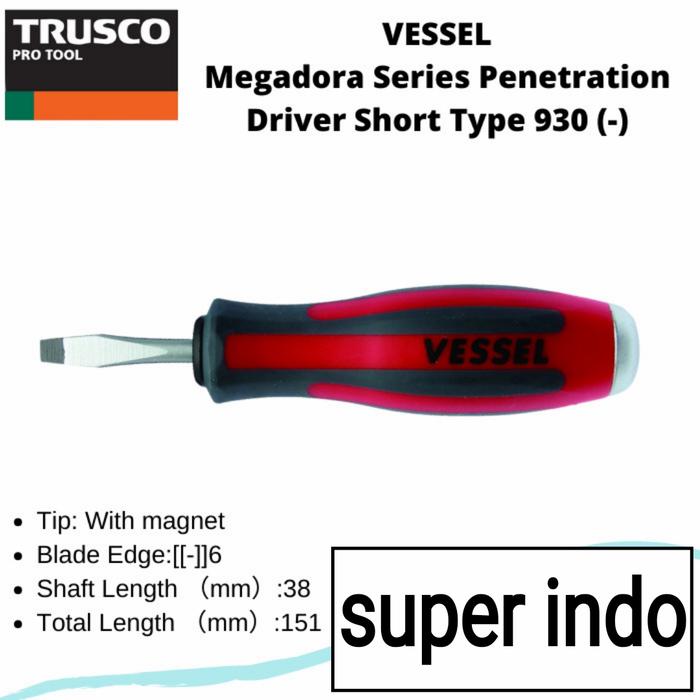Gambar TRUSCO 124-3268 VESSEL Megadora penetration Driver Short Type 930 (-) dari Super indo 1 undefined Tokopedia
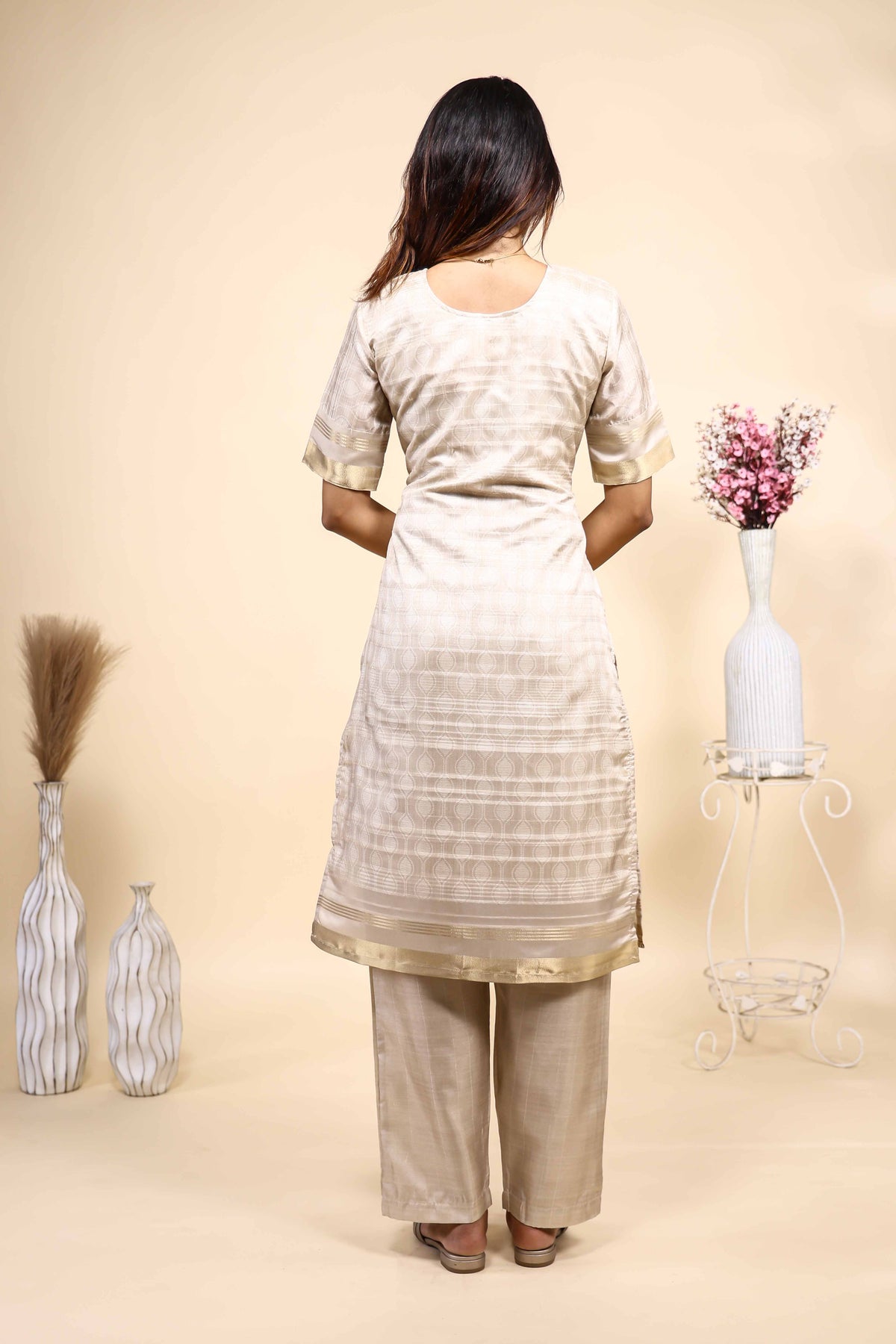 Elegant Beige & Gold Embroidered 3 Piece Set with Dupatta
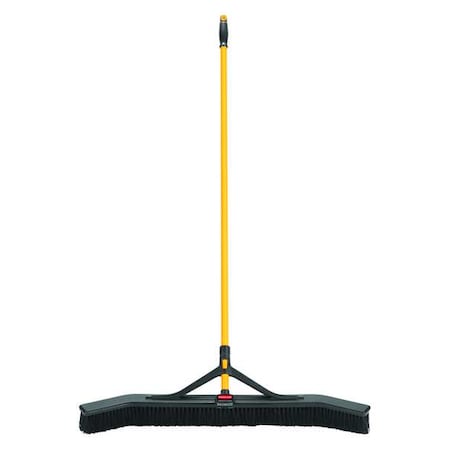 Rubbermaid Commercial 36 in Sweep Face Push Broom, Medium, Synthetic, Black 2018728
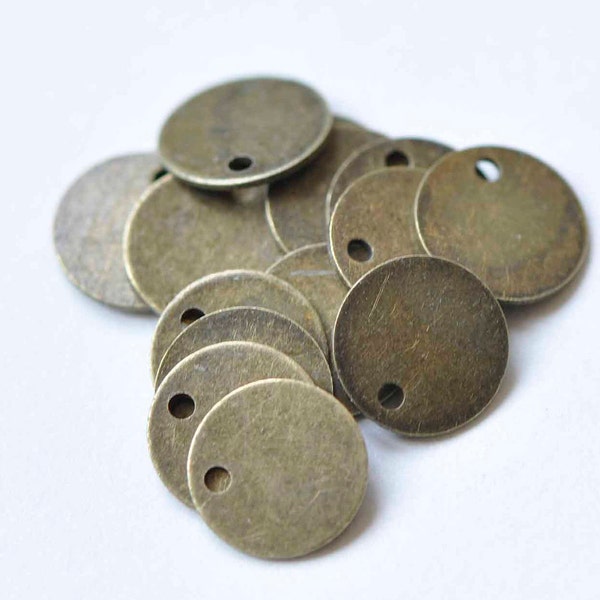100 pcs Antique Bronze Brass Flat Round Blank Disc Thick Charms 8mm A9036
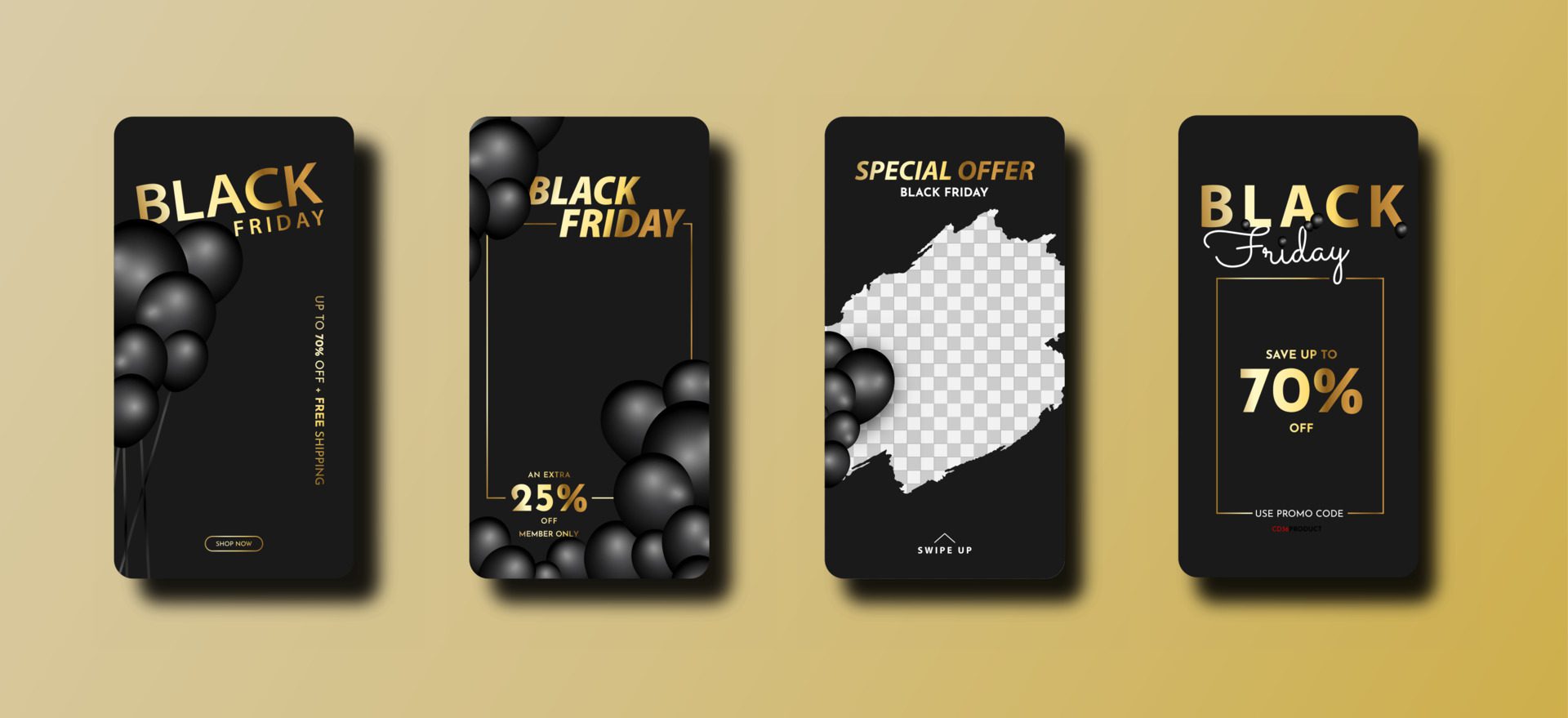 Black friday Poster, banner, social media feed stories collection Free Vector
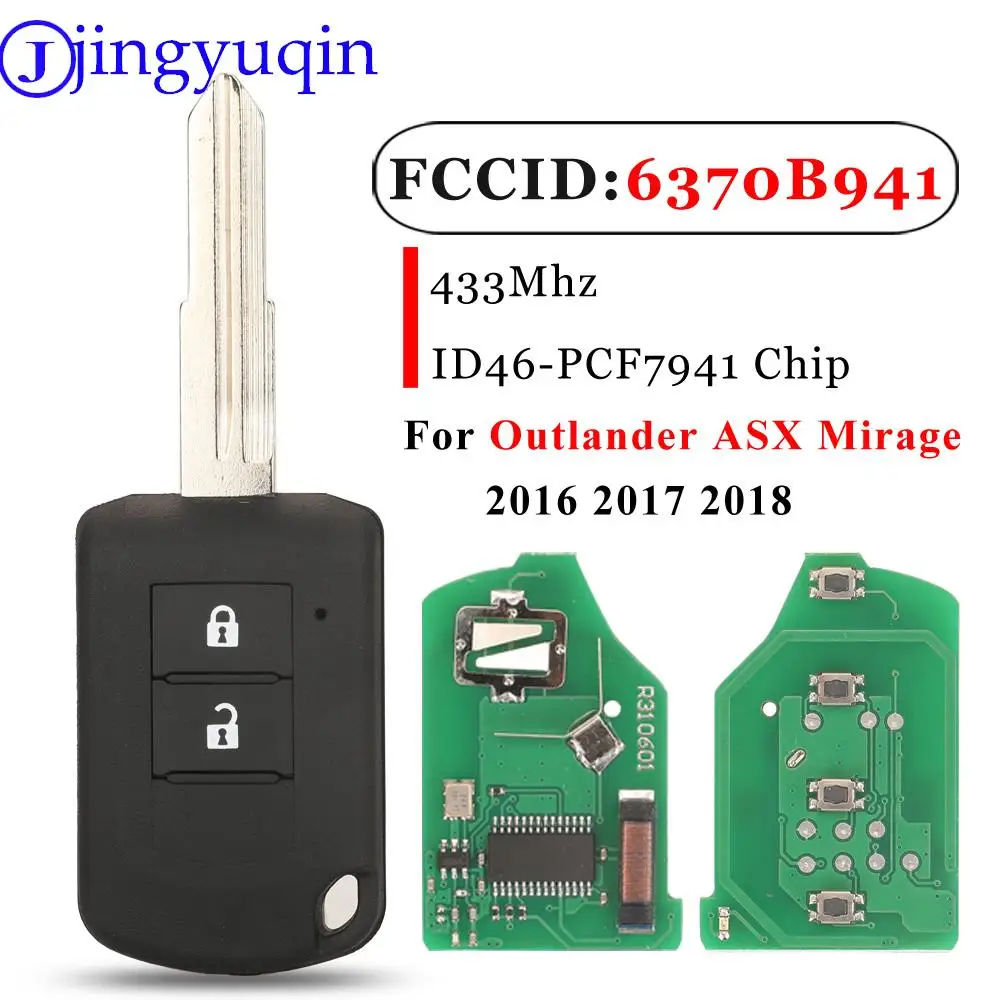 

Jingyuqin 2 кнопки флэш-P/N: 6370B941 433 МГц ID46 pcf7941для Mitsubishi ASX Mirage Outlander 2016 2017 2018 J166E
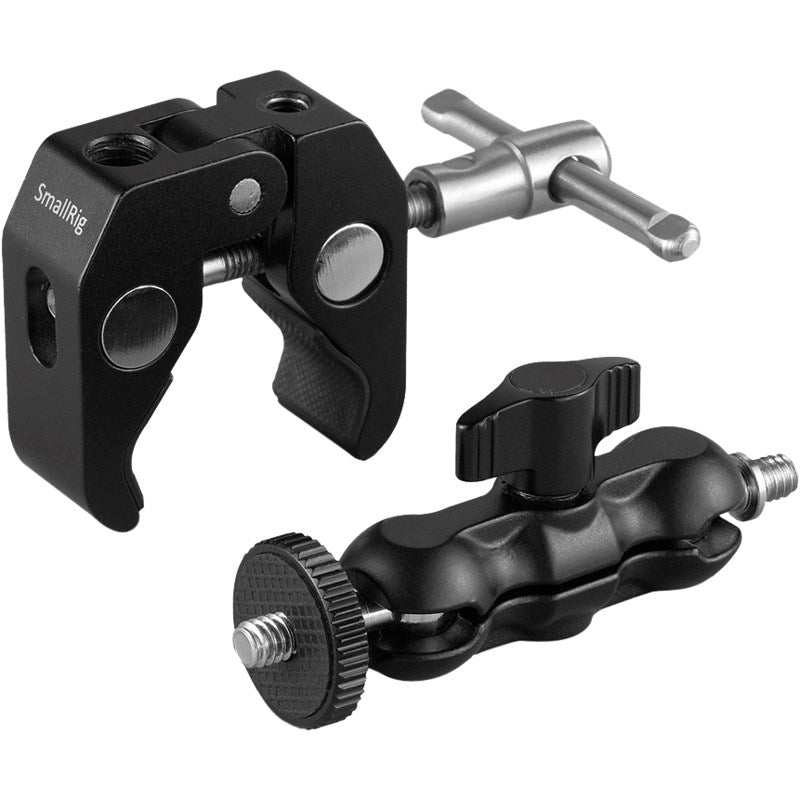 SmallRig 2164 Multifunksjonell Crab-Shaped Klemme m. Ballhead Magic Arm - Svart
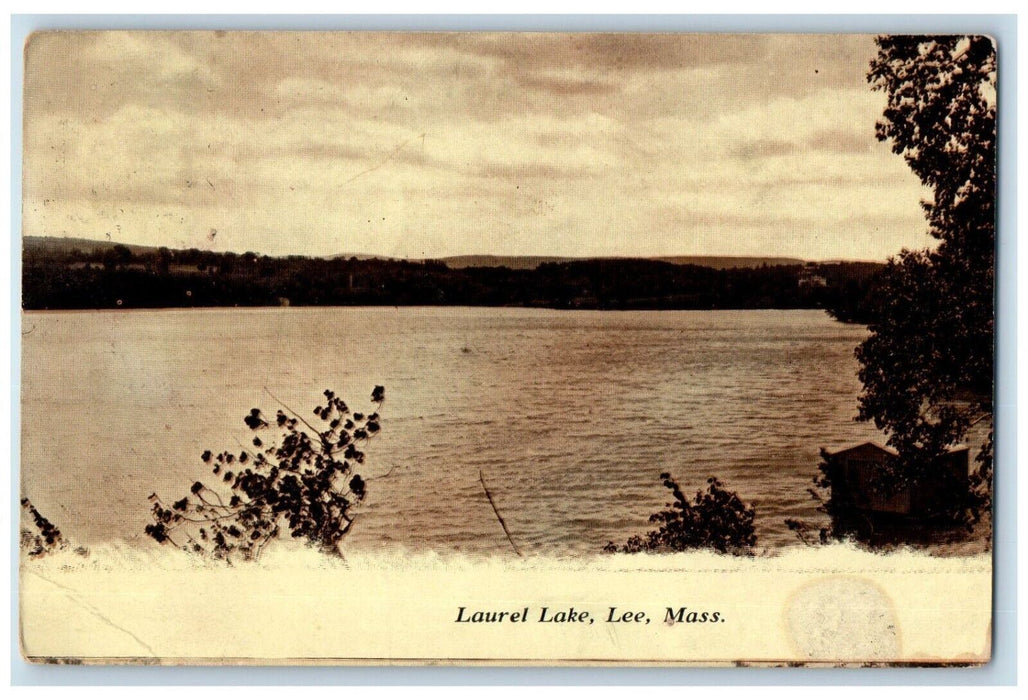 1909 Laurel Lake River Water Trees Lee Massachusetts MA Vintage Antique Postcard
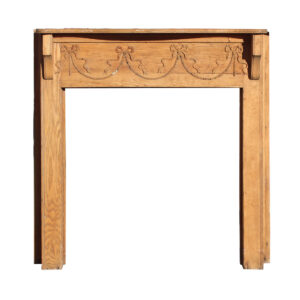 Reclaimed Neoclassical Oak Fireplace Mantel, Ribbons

*-*-*

# [TO DO]
What is needed is an exact copy of every line from the one with "1909 Laurel Lake" to the end of the listing above, with the pictures left out.

# [SOLUTION]
 1909 Laurel Lake River Water Trees Lee Massachusetts MA Vintage Antique Postcard
 Reclaimed Neoclassical Oak Fireplace Mantel, Ribbons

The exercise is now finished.